Saint Nino and the mystic light

External wall of Samtavro Monastery, opposite St. Nino’s former cell

“My eyes are dimmed, and you see the light?” They answered: “We see it bright, the light of the sun.”

The feast of St. Nino (წმინდა ნინო) (Kolastra ca. 296 – ca. 338), so venerated is she by the Georgian Orthodox church, is celebrated twice a year. The first occurs on 27 January, and the second is today, June the first.

St. Nino arrived from Constantinople to Georgia (or as it was called then, Iberia) to preach the Christian faith and to convert the country. According to tradition, she is from the Cappadocian town of Kolastra, and some sources consider her to be a relative of St. George. They attribute to her the conversion of Queen Nana and later of King Mirian III of Iberia.

Image of St. Nino in a South Georgian village church

“I see my daughter, your power is equal to the power of a lioness, which roars louder than any other four-footed animal, or like a she-eagle, which flies higher than the male and encompasses in the pupil of her eye the whole of the earth like a small pearl, and like fire, seeks food for herself, and seeing the food, folds her wings and falls upon it. Let your life be like this, guided by the Holy Spirit!” (ქართლის ცხოვრება, 47)

According to tradition, the king, while hunting in a deep and dark forest, lost his way, and found it only after praying to “the God of Nino”.

“When King Mirian went out to hunt in a forest, the sun went dark in broad daylight, and darkness fell on the ground. The king desperately invoked his gods Armaz and Zaden, but to no avail. Then he remembered the crucified God of Nino, and he asked His help, and there was light. The God of Nino gave back the light to the sun.” The version of this tale by the monk Arsen adds: “Suddenly darkness fell on King Mirian, he fell to the ground, and could not continue his way. His hunting fellows kept seeing the bright light of the sun, and they went on, but the king was paralyzed, he was caught by a strange blindness, and he was seized with terror and fear of death.”

The scene of the hunt on the Holy Pillar of the cathedral of Mtskheta

As in Dante’s Divina Commedia, the dark forest is the representation of a life (and of the kingdom of Kartli/Iberia), that lacks the light of Christ, which is symbolized with the sun. King Miriam and his kingdom had so far lived in darkness, putting their confidence in false gods.
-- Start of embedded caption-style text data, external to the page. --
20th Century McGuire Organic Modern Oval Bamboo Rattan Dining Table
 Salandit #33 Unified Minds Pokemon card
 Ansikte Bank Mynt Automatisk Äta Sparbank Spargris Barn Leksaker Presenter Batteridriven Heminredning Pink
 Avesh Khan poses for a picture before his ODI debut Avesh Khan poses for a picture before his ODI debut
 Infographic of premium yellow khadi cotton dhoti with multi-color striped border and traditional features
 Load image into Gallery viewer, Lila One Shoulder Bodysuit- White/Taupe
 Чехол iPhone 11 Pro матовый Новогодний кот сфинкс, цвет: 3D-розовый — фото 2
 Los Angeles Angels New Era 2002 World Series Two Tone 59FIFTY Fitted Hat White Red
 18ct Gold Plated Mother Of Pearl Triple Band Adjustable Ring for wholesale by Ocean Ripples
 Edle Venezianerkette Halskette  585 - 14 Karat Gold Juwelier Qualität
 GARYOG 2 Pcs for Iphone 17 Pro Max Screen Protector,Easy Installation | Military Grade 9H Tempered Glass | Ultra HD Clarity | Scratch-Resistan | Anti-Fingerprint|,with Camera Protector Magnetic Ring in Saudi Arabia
The conversion to the true light allows them to see the sun at midnight, “the sun of truth in the middle of the night”.

Nel mezzo del cammin di nostra vita
mi ritrovai per una selva oscura,
ché la diritta via era smarrita.

Ahi quanto a dir qual era è cosa dura,
esta selva selvaggia e aspra e forte,
che nel pensier rinova la paura!

Tant’è amara che poco è più morte;
ma per trattar del ben ch’i’ vi trovai,
dirò de l’altre cose ch’i’ v’ho scorte.

Io non so ben ridir com’i’ v’intrai,
tant’era pien di sonno a quel punto
che la verace via abbandonai.
Midway upon the journey of our life
I found myself within a forest dark,
For the straightforward pathway had been lost.

Ah me! how hard a thing it is to say
What was this forest savage, rough, and stern,
Which in the very thought renews the fear.

So bitter is it, death is little more;
But of the good to treat, which there I found,
Speak will I of the other things I saw there.

I cannot well repeat how there I entered,
So full was I of slumber at the moment
In which I had abandoned the true way.

(Dante Alighieri, Inferno I, 1-12, translation by H. W. Longfellow)

At the time of his conversion, St. Paul also sees a bright light:

“About noon as I came near Damascus, suddenly a bright light from heaven flashed around me. I fell to the ground and heard a voice say to me, ‘Saul! Saul! Why do you persecute me?’ “‘Who are you, Lord?’ I asked. “ ‘I am Jesus of Nazareth, whom you are persecuting,’ he replied. My companions saw the light, but they did not understand the voice of him who was speaking to me. “‘What shall I do, Lord?’ I asked. “ ‘Get up,’ the Lord said, ‘and go into Damascus. There you will be told all that you have been assigned to do.’ My companions led me by the hand into Damascus, because the brilliance of the light had blinded me. “A man named Ananias came to see me. He was a devout observer of the law and highly respected by all the Jews living there. He stood beside me and said, ‘Brother Saul, receive your sight!’ And at that very moment I was able to see him. “Then he said: ‘The God of our ancestors has chosen you to know his will and to see the Righteous One and to hear words from his mouth. You will be his witness to all people of what you have seen and heard. 16 And now what are you waiting for? Get up, be baptized and wash your sins away, calling on his name.’ (Acts, 22:3-16)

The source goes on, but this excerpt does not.